A healthy 2014 soccer season would be the first in more than three seasons for junior-to-be Jaimi Stelk. The injury bug has been especially unforgiving of Stelk, biting her with three ACL tears spread over the last three years. The run of misfortune dates back to her senior year at Grand Island Northwest High School.

The tear of her left ACL in 2013 (second time tearing the left ACL) sidelined her for all but two of the Bulldogs’ 20 games. It may have seemed like an opportune time for Stelk to simply give the game up. It would have been an easy and understandable thing to do with another period of rehab staring her in the face.

“Most people I talk to say, ‘you should stop,’” Stelk said. “I have a couple people like (teammate) Marcie (Sindt) – she tore her ACL this year – and she was like, ‘OK, I know where you’re coming from. I’m here with you.’ She’s helping me through it. And my mom, she’s like ‘whatever you want to do, I’m there for you.’”

Stelk’s determination is a must as she continues on the comeback trail. The rehab process isn’t complete and there’s no guarantee she will be ready on Aug. 29 when the team opens up the 2014 season. On the plus side, Stelk knows exactly what she’s dealing with.

“It’s a slow, long process,” Stelk said. “You have to wait a few weeks to have surgery. Once that happens you work on range of motion every single day, and it’s painful range of motion. And then you have the crutches. Then you start walking and eventually running and building strength. It’s just really slow.”

The Grand Island native is spending the summer working out and training in Seward along with several teammates.

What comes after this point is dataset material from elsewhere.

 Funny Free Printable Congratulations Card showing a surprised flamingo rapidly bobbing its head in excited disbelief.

She’s back to performing soccer-specific activities but there are still challenges that lie ahead, particularly on the mental side.

“Oh yeah, you can tell I’m rounding off my cuts,” Stelk said. “(Mentally) it’s way harder than the physical part of it.”

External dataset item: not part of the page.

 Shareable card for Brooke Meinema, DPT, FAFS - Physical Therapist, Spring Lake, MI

In fighting those significant mental battles, Stelk figures to earn plenty of respect from her teammates. Head coach Greg Henson is among those who have been impressed by Stelk’s burning desire to return to the pitch.

“Jaimi’s been an inspiration to the program in showing the type of determination and focus it requires to overcome adversity,” Henson said. “Most 20 year olds would’ve packed it in and said enough is enough after a third-straight ACL surgery, but not Jaimi. We met shortly after her surgery to discuss her options and she stated without hesitation that she wanted to play next fall.”

Some doubt did creep in prior to that conversation with Henson. After some internal struggle, Stelk found her answer.

“That thought is in my mind – ‘maybe I shouldn’t be playing,’” Stelk said. “It’s always going to be there. There’s just something telling me I should keep going.”

It seems all Stelk is doing this summer is going. The elementary education major works 8 a.m. – 4 p.m. every Monday through Friday at the Child Development Center and even volunteers at the People’s City Mission in Lincoln on Tuesday and Thursday nights. She also lifts weights three days a week early in the morning and takes part in soccer workouts on Mondays and Wednesdays. Says Stelk, “summer’s pretty packed.”

That schedule also includes regular visits to see Concordia athletic trainer Stacy Dahlkoetter. It’s all part of the process that will hopefully have Stelk ready to compete for playing time come August camp.

After having three-consecutive soccer seasons interrupted by ACL tears, Stelk would find a healthy bounce back campaign particularly rewarding.

“I wanted to play college soccer since I was little,” Stelk said. “I haven’t really had a chance to play. I just want that chance.”

The Concordia women’s soccer team has home scrimmages scheduled on Aug. 21 and Aug. 23 before officially beginning the 2014 season on Aug. 29 when AIB (Iowa) visits Seward for a 5 p.m. match.